TASK TO COMPLETE: Please keep to the lines below from the one with "White And Black" through the one with "Take Two Bassoons - Thea Musgrave", and restate them word for word, ends included.

EXERCISE MATERIALS:
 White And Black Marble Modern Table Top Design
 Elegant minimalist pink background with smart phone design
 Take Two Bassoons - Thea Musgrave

==

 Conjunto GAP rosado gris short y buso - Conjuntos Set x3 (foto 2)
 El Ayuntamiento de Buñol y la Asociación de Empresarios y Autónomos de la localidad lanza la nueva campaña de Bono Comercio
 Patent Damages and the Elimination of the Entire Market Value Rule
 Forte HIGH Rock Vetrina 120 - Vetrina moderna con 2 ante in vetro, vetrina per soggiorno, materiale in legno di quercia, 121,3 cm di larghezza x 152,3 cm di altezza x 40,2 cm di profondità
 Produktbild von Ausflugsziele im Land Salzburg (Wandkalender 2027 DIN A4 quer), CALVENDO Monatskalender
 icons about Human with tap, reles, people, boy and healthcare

REPLY TO THE EXERCISE:
 White And Black Marble Modern Table Top Design
 Elegant minimalist pink background with smart phone design
 Take Two Bassoons - Thea Musgrave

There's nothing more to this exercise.